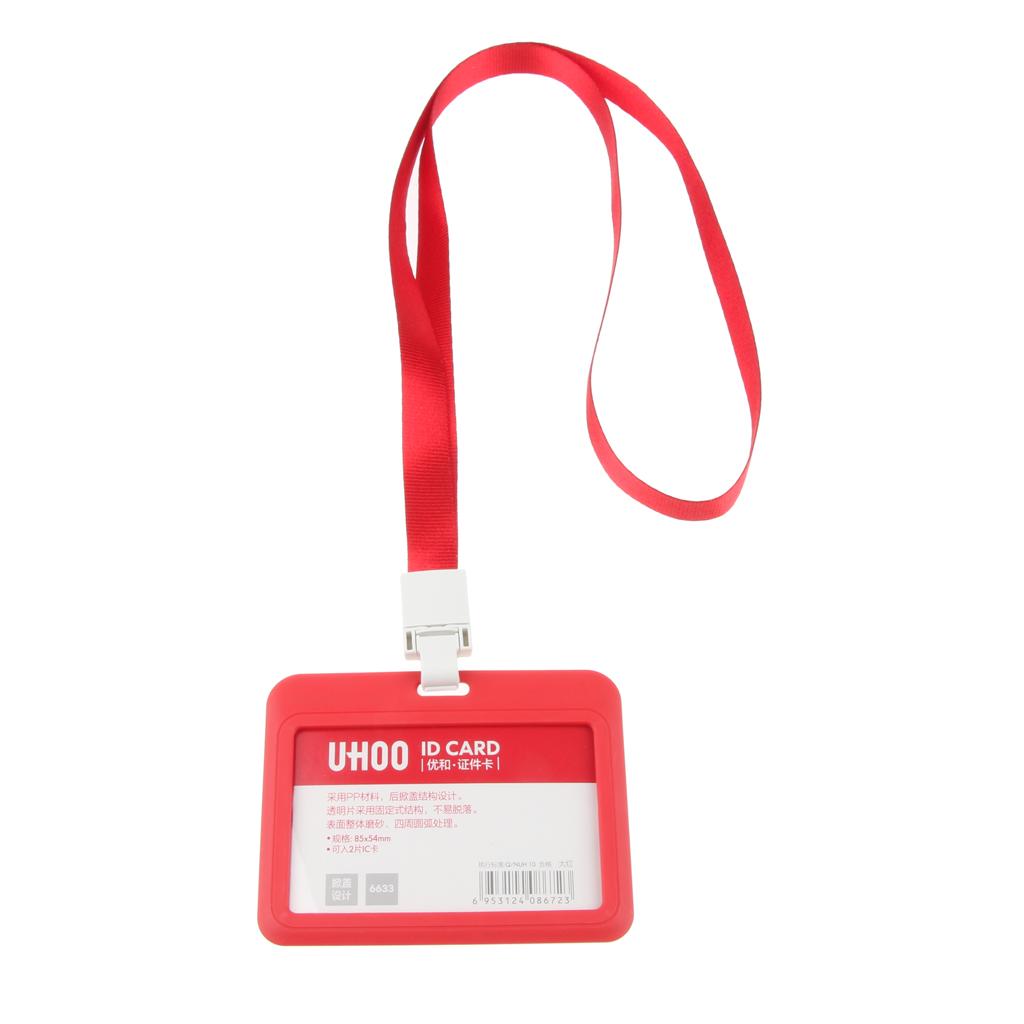 5 Pieces PVC Horizontal Work Office Card Badge Holders ID Card Cases Red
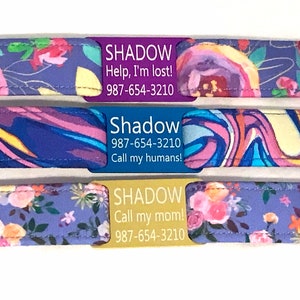 Personalized Dog Collars - Engraved Slide On ID Tag - Purple Florals - Blue Psychedelic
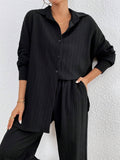 SHEIN LUNE Women's Loose Fit Drop-Shoulder Long Sleeve Shirt And Trousers Casual Two-Piece Set, Spring/Summer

════════════════════

Assigned task :: When you repeat the material, keep every word exact and drop the pictures.

Completed exercise ::
 5 Pieces PVC Horizontal Work Office Card Badge Holders ID Card Cases Red
 Personalized Dog Collars - Engraved Slide On ID Tag - Purple Florals - Blue Psychedelic
 SHEIN LUNE Women's Loose Fit Drop-Shoulder Long Sleeve Shirt And Trousers Casual Two-Piece Set, Spring/Summer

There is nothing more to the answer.